- Available records
>>>>>

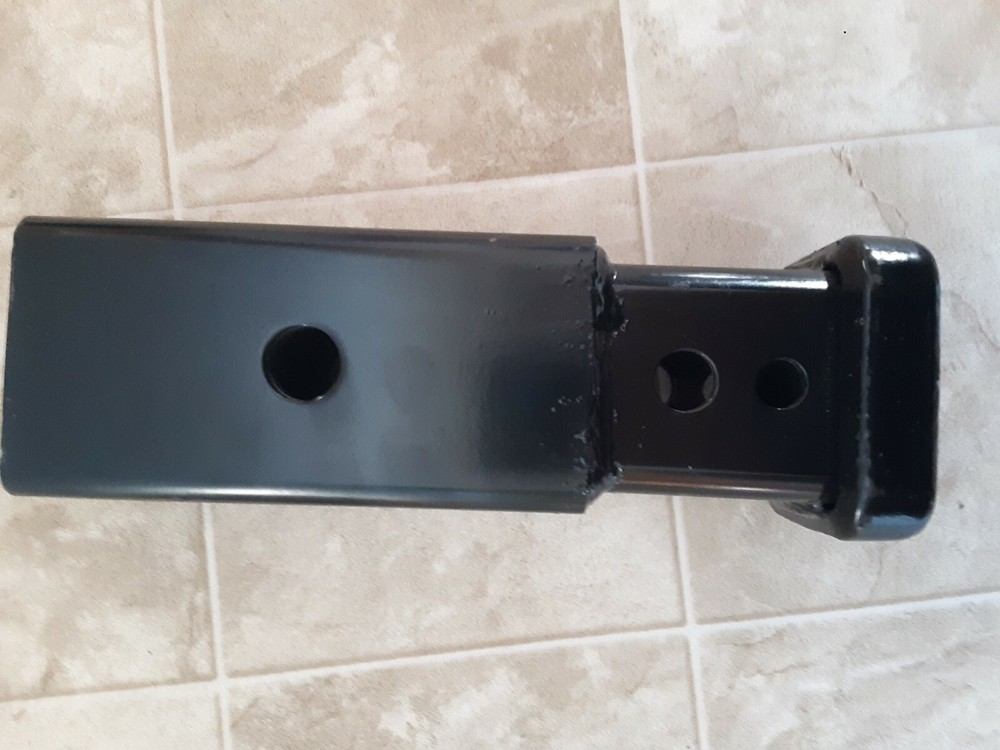 Reese Hitch Adapter 3" to 2"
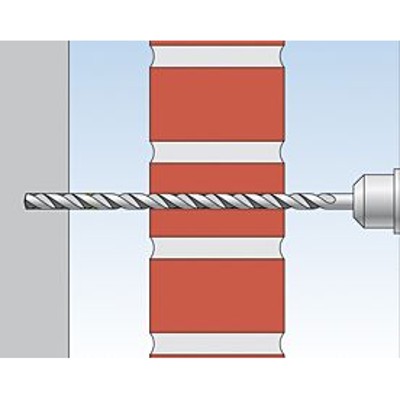 Produktbild von fischer - Verblendsanieranker, Edelstahl R VBS-M 8x205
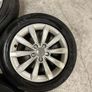 AUDI A3 alloy wheels 16 inch 205 55 16 Image 4
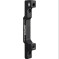 Shimano 180Mm Post Fork Mount To 220 Mm Rotor 180-220MM FORK Black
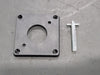 ABB KIINNITYSLEVY Handle Adapter OHZX6, 1SCA022559R5670  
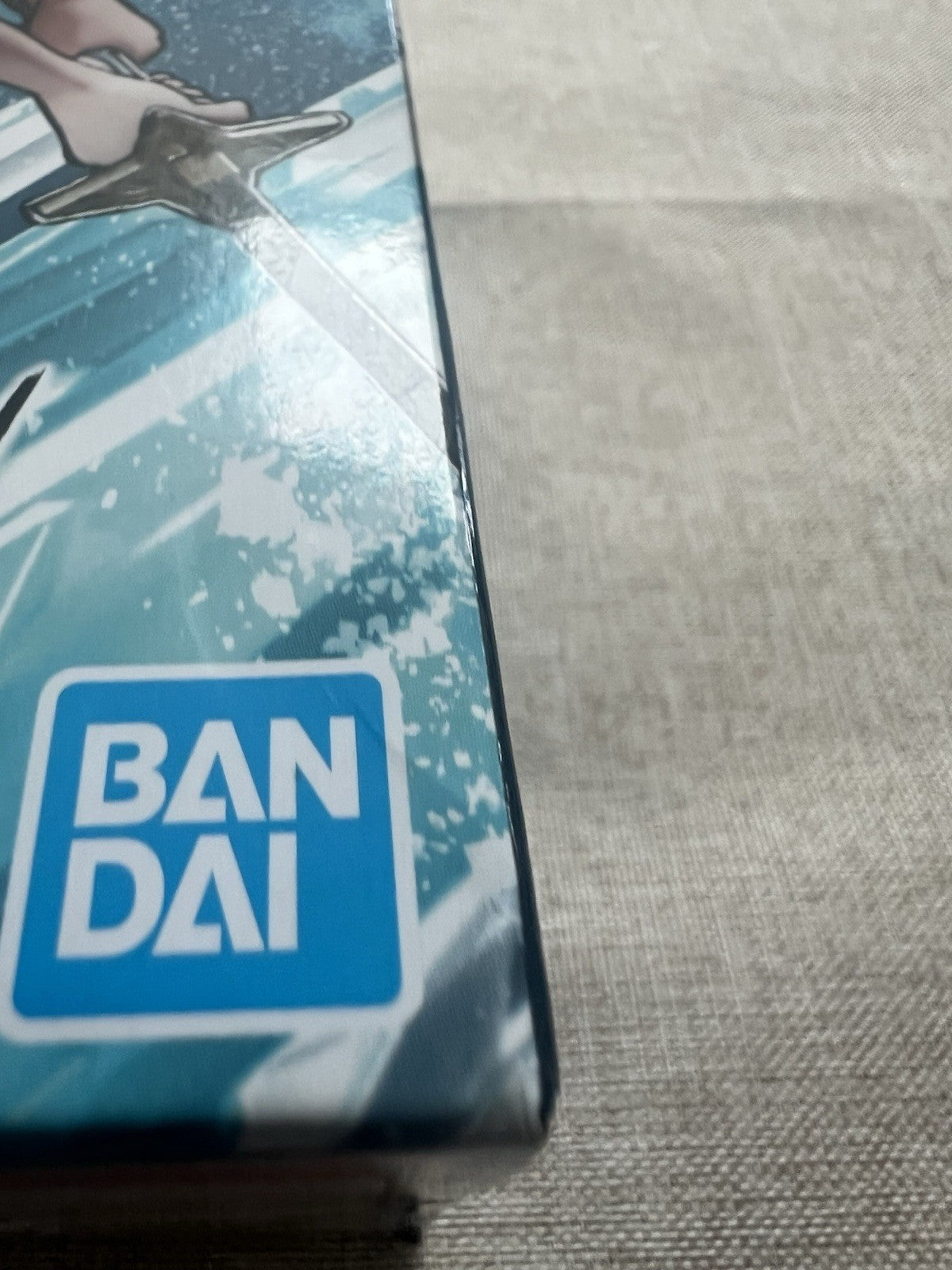 Bleach Toshiro Hitsugaya Solid And Souls Figure Banpresto (B/1)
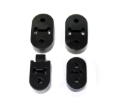 Picture of Torque Solution TQS Exhaust Mounts Brackets - TS-ST-EHK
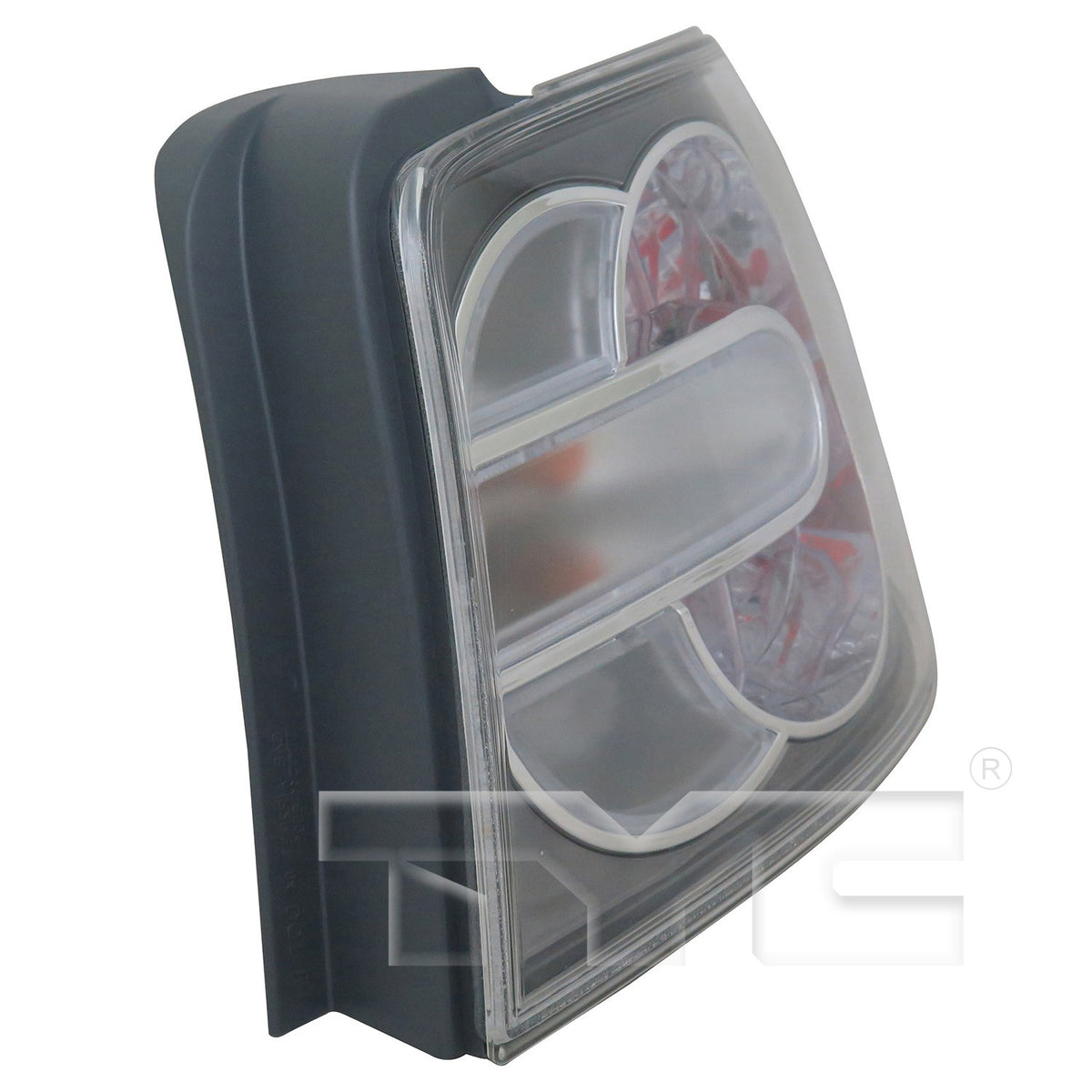 TYC Tail Light Assembly 11-6595-00-9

<<<<<

Without changing a word, retype every entry above, but drop its pictures.

 Reese Hitch Adapter 3" to 2"
 Produktbild von fischer - Verblendsanieranker, Edelstahl R VBS-M 8x205
 AUDI A3 alloy wheels 16 inch 205 55 16 Image 4
 Shimano 180Mm Post Fork Mount To 220 Mm Rotor 180-220MM FORK Black
 ABB KIINNITYSLEVY Handle Adapter OHZX6, 1SCA022559R5670  
 Bleach Toshiro Hitsugaya Solid And Souls Figure Banpresto (B/1)
 Picture of Torque Solution TQS Exhaust Mounts Brackets - TS-ST-EHK
 TYC Tail Light Assembly 11-6595-00-9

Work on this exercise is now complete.